▼

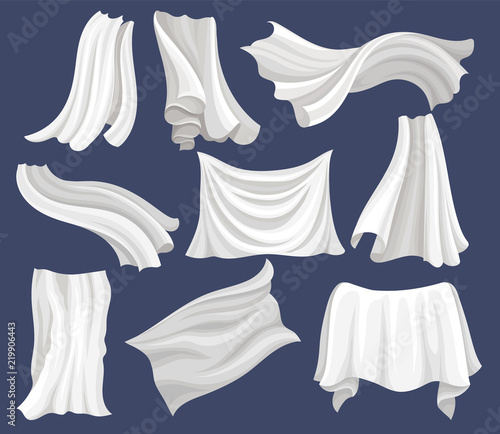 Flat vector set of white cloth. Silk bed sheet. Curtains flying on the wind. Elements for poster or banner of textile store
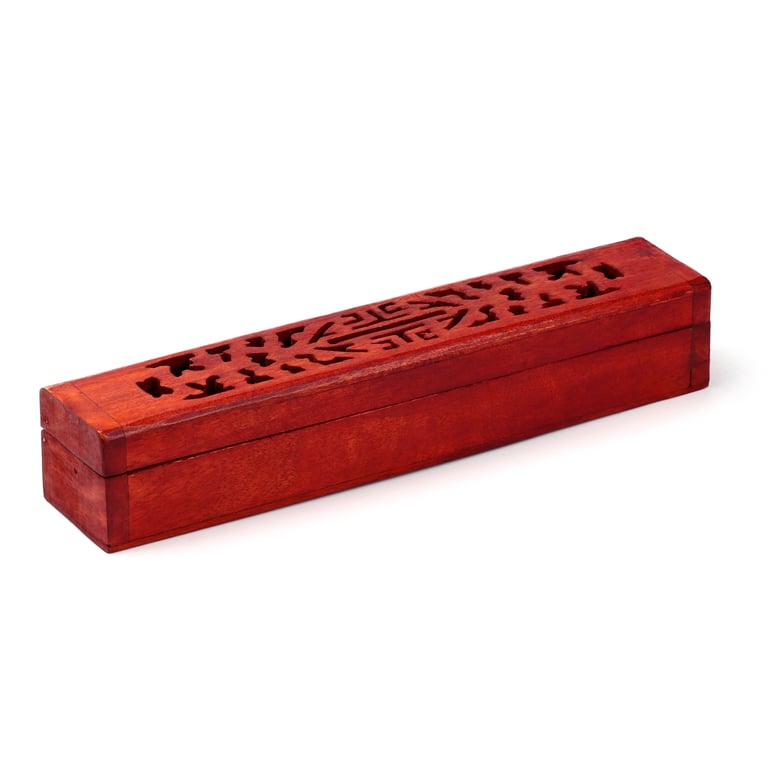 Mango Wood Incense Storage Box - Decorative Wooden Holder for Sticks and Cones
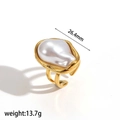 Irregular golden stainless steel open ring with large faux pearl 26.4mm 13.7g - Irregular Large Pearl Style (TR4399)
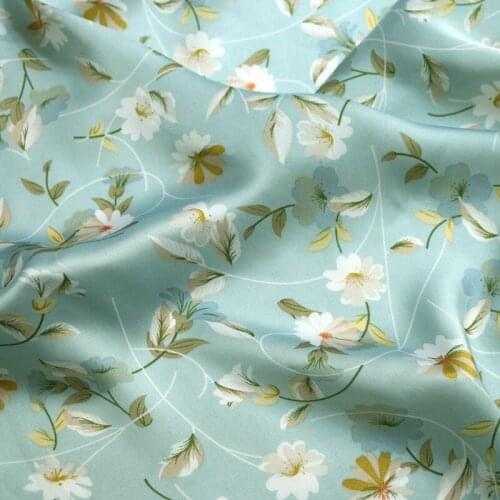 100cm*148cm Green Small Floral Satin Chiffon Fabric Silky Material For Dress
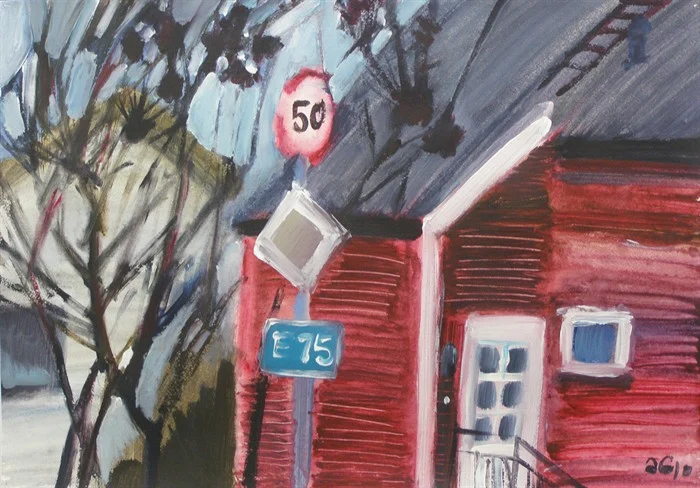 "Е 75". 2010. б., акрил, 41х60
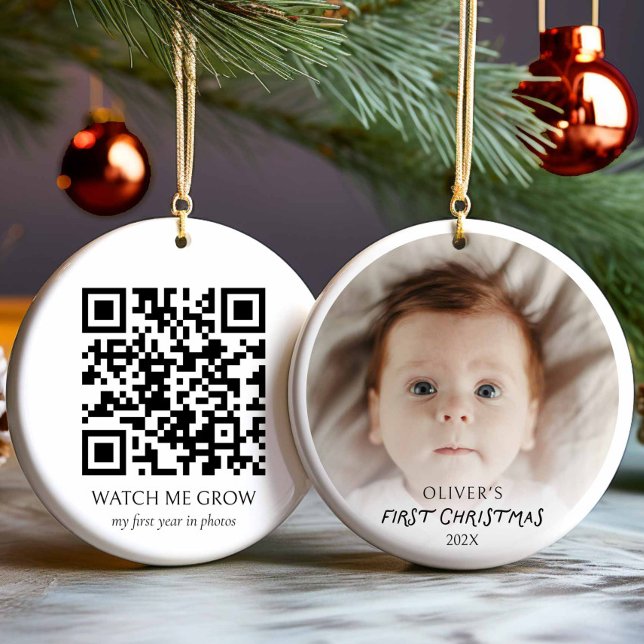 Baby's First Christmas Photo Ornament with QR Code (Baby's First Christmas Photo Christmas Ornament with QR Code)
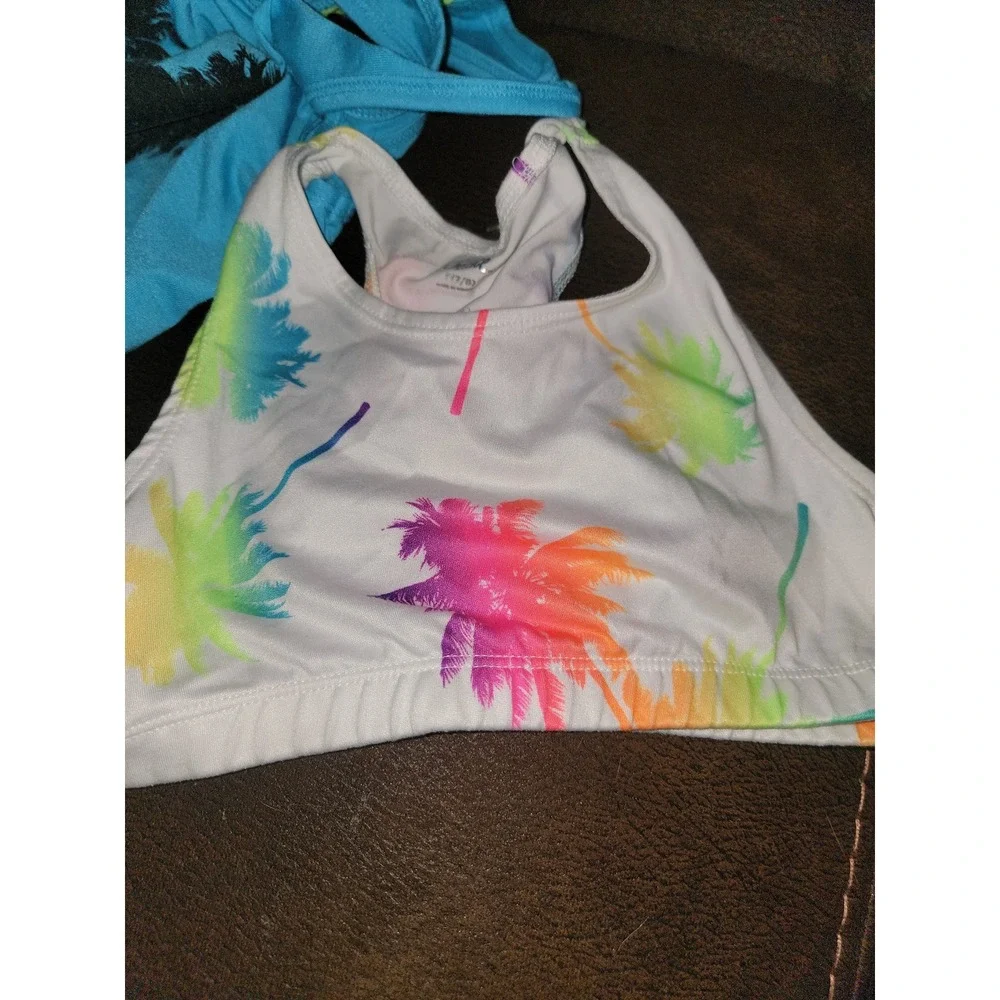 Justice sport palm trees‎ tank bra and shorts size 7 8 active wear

▲

WHAT NEEDS TO BE DONE: Copy, exactly and exclusively, the lines beginning with the one that contains "Baby's First Christmas Photo Ornament" and ending with the last line of the listing; pictures are to be omitted.

ANSWER FOR THE TASK:
 Baby's First Christmas Photo Ornament with QR Code (Baby's First Christmas Photo Christmas Ornament with QR Code)
 Justice sport palm trees‎ tank bra and shorts size 7 8 active wear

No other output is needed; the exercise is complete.